Furthermore, the IR space does not continually maintain a specific environment. The amount of sunshine or brightness of the interior lighting impacts user identification [3, 4, 11, 13, 16].

The objective of this study is to expand the sensing scope range in the IR space by minimizing the impact of lighting. Accordingly, the problem of user data not being accurately identified on account of the blocking or overlapping by other users is solved. To this end, the sensing scope range is expanded in the proposed approach using multiple sensors in the IR space. User feature data are accurately identified by user sensing. Specifically, multiple sensors are employed if not all of the user data are sensed because they overlap with data of other users. In the proposed approach, all clients share the user feature data from multiple sensors. Accordingly, each client recognizes that the given user is the same individual on the basis of the shared data. Furthermore, the identification accuracy is improved by identifying the user features based on colors and patterns that are less affected by lighting. Therefore, accurate identification of the user’s feature data is enabled, even when lighting changes. This approach to identifying multiple users can be applied to IR-based conferencing systems or military training systems based on body motion recognition. For these applications, the approach would variously combine technologies, such as gesture, voice, and face recognition.
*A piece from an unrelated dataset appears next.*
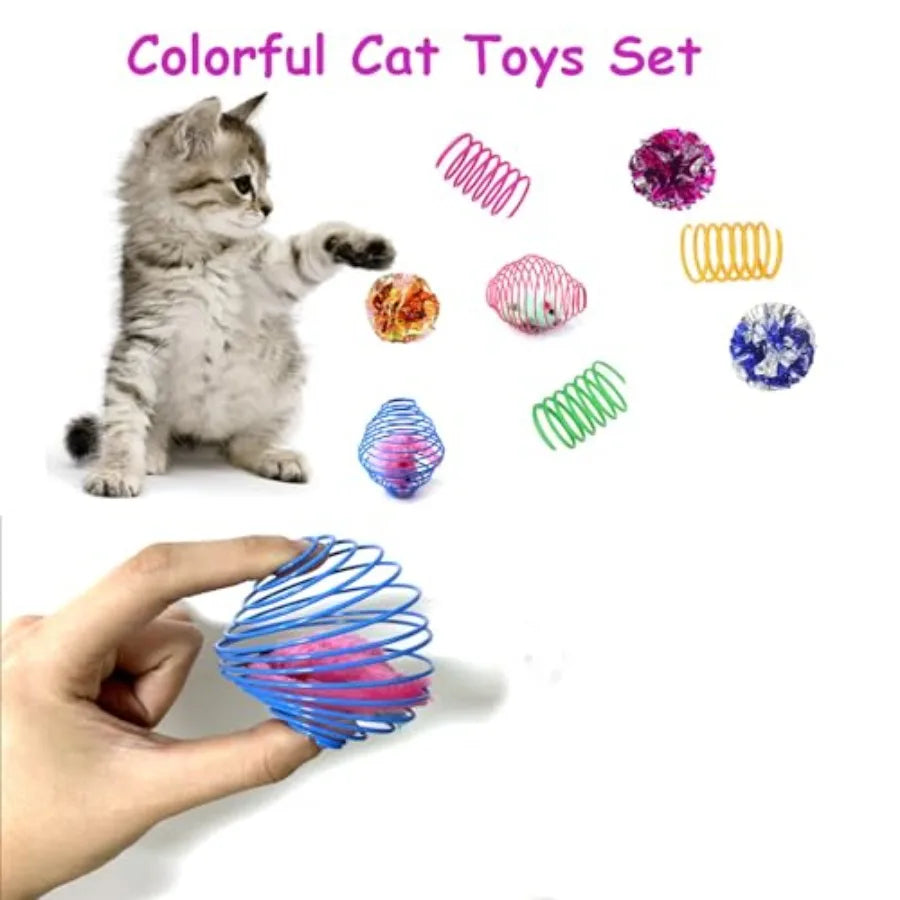 18 Pack Assorted Cat Metal Spring Ba Stretchable Large Cat Spiral Toy Crinkle Ba Interactive Kitten Rolling Coils Spring Inside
The remainder of this paper is organized as follows. In Section 2, the trends and features of related research are outlined. Section 3 presents the proposed approach for identifying the features of multiple users in the IR space. Section 4 describes the experiment conducted on the system implementation, and the results are analyzed. Section 5 concludes the paper.

2 Related works

Human subjects can receive personalized contents by intuitively adapting themselves to the IR space. The objective of identifying multiple users by employing basic technology has been actively investigated to provide services required by each user in all locations in the IR space [3, 4].
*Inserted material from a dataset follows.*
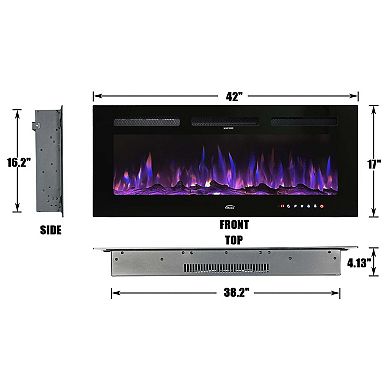 Clihome Recessed Electric Fireplace with Remote Control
In daily life, sensors detect the physical amounts of light, heat, and temperature, and the changing of these elements depending on the applications. These values are determined by using specific signals. For example, lighting sensors measure brightness, infrared sensors detect object movements by emitting infrared rays, and webcams enable video conferencing using the Internet or by transferring video images in real time. In particular, Microsoft’s Kinect sensor was developed to recognize the physical motions and voice of a user without controllers by employing sensor technology.

In some approaches, multiple users are identified by employing a single sensor that uses colors and patterns as features. Use of only color features may affect the obtained images depending on lighting changes. This disadvantage has been compensated by using combined pattern features to enhance robustness to lighting changes. Moreover, the identification of multiple users based on a single sensor is limited by the sensing scope. To address this limitation, the identification of multiple users based on multiple sensors has been actively investigated.
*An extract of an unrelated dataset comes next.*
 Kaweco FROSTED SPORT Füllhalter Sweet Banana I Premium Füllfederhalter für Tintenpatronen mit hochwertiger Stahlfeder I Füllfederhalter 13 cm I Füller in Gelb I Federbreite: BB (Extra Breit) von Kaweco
Han’s method [3] employs color histograms with color and texture information identified from RGB data obtained from Kinect using the Kinect sensor. In this approach, the head of a user entering into the sensing scope is identified; the user’s silhouette is quickly examined by fixing the length ratio of other body parts based on the head area. When more than two users enter the sensing region, clothing is selected as the user feature based on the assumption that it is rare for two users to be wearing the same clothing. Han’s approach extracts the silhouette of each user entering the sensing scope range using the Canny edge detector. It connects all histograms to the user’s final histogram and estimates the angle between two histograms. When the angle between the two histograms is below the given threshold, the user is identified as being the same person.

Yumak [15] focused on re-identifying a narrator. The user’s skeleton is detected and the image patch is then extracted. The local binary pattern (LBP) and hue, saturation, and value (HSV) color histogram are applied to the image patch. LBP is widely used because it is minimally impacted by lighting changes and it has a simple structure. The color histogram can collect differentiated data from multiple color channels. The matching score is estimated by comparing the user template saved for the narrator entering and withdrawing from the sensing scope range by using a Kinect sensor. If the matching score is higher than the given threshold, the relevant user identity is selected. If it does not match the user template, the user is classified as a new one and is added to a list.

In the present study, re-identification of the user by employing a narrator is the approach used to address the above limitations. The method of Yumak [15], as described above, is applied. Moreover, multiple users are identified with a single sensor using colors and patterns as features by employing one Kinect sensor, while all clients share the user feature data from multiple sensors. The pattern features are used together to avoid the impact of lighting effects. Accordingly, each client recognizes that the user is the same individual on the basis of the shared data. Furthermore, the identification accuracy is improved by identifying the user features based on colors and patterns that are less affected by lighting. Therefore, accurate identification of the user feature data is enabled, even under lighting changes.

3 Extracting user features for user identification

In this section, the proposed algorithm for extracting user features to identify the same person in the IR space is described. In addition, the method for integrating the user feature data from each sensor in the server is outlined.

3.1 Identifying the same person based on multiple sensors

Multiple users enter the sensing scope range in the IR space. Clients extract the features of each user. The server estimates the similarity between the user’s feature data acquired from multiple clients and the user features in the server database. The user with the highest similarity value is determined to be the same person. Synchronization is performed by sending the data of the user who is deemed the same person to all clients. Figure 1 illustrates the structure for identifying the same person based on multiple sensors.

Fig. 1
figure 1

Structure of multiple sensors based on same-user identification

3.2 Experiment of extracting features of multiple users based on colors and patterns

When multiple sensors are used in the IR space, the same person can be identified only when all sensors accurately recognize the features of each individual and share the user data. If only a single feature is used to this end in the procedure, it is difficult to identify the user when several users with similar features enter the sensing scope range. Thus, multiple features are applied to identify the user, even when one kind of feature is the same.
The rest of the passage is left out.